- [Materials provided]
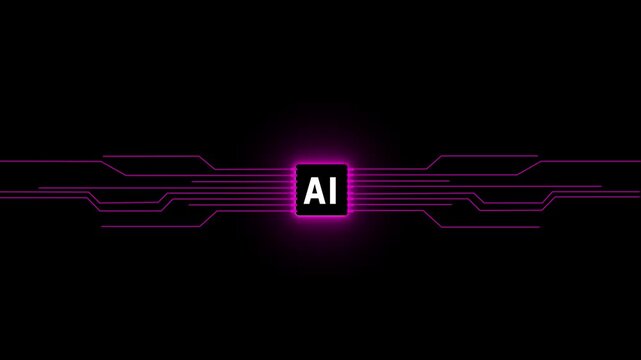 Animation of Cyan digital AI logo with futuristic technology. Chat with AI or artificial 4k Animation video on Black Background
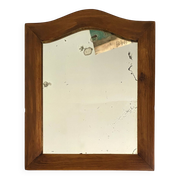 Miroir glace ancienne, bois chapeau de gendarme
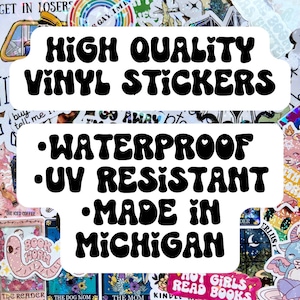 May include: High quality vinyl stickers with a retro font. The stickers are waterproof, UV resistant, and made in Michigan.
* * *
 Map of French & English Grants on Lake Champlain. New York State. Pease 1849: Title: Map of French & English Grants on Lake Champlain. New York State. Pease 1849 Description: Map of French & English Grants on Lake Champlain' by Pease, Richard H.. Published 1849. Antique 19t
---
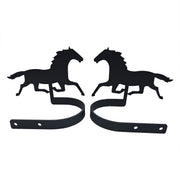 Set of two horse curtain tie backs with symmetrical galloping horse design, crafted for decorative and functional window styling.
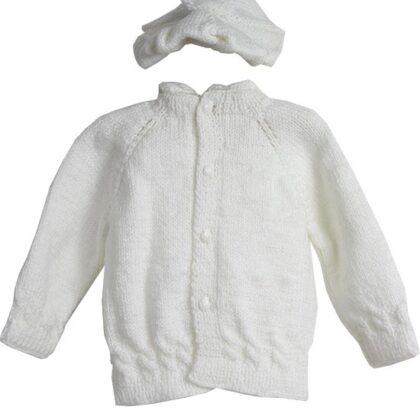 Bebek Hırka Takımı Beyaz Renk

- [Task prompt] Set the pictures aside and reproduce exactly the lines above, from the line holding "Animation of Cyan" through the line holding "May include: High", both included, with nothing else.

- [Final answer]
 Animation of Cyan digital AI logo with futuristic technology. Chat with AI or artificial 4k Animation video on Black Background
 Miroir glace ancienne, bois chapeau de gendarme
 May include: High quality vinyl stickers with a retro font. The stickers are waterproof, UV resistant, and made in Michigan.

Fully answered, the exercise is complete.